Opinion
PER CURIAM.The plaintiffs, Christopher M. Dunn and Nga N. Dunn, appeal from the judgment of the trial court, rendered after a trial to the court, in favor of the defendant, Peter L. Leepson, P.C., on four counts of their five count complaint, and on the defendant’s counterclaim, stemming from the defendant’s representation of the plaintiffs in a real estate transaction. On appeal, the plaintiffs claim that the court improperly (1) construed the retainer agreement entered into by the parties, (2) found for the defendant on their legal malpractice and negligence claims, (3) awarded $4000 to the defendant as the fair value of its legal services, (4) failed to award them punitive damages and (5) failed to award them counsel fees pursuant to General Statutes § 52-251a. We affirm the judgment of the trial court.

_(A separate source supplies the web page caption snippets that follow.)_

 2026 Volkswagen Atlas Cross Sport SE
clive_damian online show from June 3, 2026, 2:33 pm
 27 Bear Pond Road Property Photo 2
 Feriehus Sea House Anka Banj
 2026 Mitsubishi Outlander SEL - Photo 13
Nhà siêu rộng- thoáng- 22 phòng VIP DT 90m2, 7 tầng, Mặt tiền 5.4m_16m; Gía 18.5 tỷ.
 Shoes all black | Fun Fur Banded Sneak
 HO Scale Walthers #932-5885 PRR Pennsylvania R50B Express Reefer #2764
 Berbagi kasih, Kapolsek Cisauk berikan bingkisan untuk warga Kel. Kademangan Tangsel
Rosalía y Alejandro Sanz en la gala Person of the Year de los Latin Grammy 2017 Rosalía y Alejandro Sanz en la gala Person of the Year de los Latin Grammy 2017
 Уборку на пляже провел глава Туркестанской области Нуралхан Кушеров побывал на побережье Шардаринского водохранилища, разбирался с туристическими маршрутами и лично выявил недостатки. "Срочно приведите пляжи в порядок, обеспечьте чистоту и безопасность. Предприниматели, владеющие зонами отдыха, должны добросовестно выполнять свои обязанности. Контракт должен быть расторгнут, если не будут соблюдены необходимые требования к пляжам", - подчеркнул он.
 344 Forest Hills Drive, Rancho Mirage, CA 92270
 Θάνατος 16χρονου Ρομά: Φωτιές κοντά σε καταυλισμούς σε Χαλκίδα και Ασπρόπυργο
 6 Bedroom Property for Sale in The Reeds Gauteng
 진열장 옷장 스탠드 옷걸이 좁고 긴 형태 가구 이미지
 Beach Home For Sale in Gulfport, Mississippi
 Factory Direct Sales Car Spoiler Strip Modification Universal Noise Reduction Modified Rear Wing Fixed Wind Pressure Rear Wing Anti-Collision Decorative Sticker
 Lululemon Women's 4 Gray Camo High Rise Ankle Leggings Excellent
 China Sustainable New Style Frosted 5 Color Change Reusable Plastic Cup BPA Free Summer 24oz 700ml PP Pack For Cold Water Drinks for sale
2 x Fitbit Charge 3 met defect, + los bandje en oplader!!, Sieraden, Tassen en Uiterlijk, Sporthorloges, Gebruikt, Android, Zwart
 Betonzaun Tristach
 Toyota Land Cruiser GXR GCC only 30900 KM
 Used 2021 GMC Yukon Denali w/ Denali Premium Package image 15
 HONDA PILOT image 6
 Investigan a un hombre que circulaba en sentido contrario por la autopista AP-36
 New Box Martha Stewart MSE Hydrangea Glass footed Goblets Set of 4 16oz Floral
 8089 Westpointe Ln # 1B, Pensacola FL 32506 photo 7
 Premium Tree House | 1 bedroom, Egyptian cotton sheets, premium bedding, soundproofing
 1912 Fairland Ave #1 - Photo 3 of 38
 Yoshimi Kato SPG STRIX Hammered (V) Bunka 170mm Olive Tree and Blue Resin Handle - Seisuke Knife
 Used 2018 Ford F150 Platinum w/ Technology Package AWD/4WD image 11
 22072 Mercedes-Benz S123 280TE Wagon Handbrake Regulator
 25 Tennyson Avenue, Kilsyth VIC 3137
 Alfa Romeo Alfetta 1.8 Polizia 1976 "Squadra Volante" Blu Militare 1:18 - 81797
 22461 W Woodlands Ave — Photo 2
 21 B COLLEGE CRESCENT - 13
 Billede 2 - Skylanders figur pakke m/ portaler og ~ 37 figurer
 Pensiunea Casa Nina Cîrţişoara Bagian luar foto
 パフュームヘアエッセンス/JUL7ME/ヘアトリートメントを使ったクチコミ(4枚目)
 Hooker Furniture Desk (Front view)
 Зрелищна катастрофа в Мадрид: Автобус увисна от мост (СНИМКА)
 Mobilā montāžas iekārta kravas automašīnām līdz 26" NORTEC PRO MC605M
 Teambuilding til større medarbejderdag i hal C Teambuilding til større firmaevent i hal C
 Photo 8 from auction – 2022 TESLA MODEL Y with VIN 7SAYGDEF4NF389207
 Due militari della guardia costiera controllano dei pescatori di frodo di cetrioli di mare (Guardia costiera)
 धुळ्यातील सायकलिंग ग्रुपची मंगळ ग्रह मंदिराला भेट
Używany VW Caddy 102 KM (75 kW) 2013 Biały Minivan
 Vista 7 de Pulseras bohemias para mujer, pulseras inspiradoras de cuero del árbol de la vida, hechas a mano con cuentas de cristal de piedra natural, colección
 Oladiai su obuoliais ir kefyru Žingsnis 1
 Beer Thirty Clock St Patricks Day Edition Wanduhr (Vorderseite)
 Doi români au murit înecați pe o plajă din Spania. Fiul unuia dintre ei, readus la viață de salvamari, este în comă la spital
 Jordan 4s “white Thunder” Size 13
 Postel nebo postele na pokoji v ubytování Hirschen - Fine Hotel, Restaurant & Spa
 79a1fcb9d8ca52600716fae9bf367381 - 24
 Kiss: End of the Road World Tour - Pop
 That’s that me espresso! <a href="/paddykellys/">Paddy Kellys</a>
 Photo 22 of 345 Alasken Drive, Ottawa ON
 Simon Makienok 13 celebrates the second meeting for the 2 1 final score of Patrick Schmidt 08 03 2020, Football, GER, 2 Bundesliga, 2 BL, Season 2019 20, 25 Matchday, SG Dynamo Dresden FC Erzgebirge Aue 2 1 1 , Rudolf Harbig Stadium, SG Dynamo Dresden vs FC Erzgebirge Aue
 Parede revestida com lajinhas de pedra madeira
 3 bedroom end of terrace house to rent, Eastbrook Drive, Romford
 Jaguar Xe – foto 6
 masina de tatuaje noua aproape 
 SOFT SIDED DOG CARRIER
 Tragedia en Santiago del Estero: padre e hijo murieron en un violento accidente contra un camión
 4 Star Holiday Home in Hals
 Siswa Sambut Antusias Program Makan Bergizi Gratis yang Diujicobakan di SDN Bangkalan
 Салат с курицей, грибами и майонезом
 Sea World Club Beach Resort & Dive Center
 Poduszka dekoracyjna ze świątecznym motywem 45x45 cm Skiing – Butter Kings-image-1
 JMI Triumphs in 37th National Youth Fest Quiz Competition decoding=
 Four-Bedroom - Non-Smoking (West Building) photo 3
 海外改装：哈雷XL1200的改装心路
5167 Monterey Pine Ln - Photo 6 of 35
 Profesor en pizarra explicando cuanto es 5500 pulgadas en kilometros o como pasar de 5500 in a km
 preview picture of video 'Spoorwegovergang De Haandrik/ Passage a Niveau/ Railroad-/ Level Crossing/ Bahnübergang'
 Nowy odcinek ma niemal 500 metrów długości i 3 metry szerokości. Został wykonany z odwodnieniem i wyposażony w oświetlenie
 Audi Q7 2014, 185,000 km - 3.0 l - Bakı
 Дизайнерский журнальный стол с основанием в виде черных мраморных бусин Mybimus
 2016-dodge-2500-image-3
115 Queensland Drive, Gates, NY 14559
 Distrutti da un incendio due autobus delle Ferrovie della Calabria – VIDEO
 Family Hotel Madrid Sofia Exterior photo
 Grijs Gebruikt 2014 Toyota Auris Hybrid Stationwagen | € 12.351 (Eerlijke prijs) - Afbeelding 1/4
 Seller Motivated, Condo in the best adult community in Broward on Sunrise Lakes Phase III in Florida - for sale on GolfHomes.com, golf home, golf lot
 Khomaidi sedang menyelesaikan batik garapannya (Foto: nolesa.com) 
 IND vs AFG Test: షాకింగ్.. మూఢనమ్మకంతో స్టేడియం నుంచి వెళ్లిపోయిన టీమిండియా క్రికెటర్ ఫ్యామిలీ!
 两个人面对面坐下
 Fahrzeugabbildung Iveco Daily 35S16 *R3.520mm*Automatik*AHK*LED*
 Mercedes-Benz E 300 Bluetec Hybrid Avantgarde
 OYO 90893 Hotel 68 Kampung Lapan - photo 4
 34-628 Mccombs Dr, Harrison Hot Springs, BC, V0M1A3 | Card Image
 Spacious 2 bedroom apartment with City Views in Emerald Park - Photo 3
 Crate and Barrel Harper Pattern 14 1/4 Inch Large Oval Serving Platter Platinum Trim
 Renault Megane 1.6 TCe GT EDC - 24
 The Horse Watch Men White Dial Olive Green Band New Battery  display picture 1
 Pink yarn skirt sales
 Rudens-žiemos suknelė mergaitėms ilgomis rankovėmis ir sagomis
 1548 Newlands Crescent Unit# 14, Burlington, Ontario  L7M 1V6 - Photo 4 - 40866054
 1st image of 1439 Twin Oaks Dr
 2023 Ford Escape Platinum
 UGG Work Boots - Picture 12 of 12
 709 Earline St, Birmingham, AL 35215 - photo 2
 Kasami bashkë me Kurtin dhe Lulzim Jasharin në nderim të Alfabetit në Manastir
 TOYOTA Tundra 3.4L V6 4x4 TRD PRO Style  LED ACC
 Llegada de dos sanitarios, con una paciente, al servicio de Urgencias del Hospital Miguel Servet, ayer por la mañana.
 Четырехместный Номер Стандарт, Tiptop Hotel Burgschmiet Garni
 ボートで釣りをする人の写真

The dispute between the pro se plaintiffs and their former attorney arose out of the defendant’s representation of the plaintiffs in what the court described as a “massive” real estate transaction. On December 4,2000, Christopher Dunn and Peter L. Leepson, the principal of the defendant law firm, had a conversation concerning Leepson’s representation of the plaintiff in connection with the purchase of residential real property and a related tax free exchange. Leepson testified that the fee for the transaction would be $1500 plus expenses and, if the transaction became complicated, requiring additional time, there would be additional fees. The plaintiffs claimed that the conversation called for a flat fee of $1500. The retainer letter, which Leepson sent to Christopher Dunn on December 7, 2000, called for a fee of $1500 plus $175 per hour for every hour he worked on the matter in excess of twenty hours. The *368real estate transaction became very complicated. The plaintiff discharged the defendant before the closing occurred when the defendant held in escrow $8319.71, which had been returned during the negotiations to the defendant by the seller’s attorney.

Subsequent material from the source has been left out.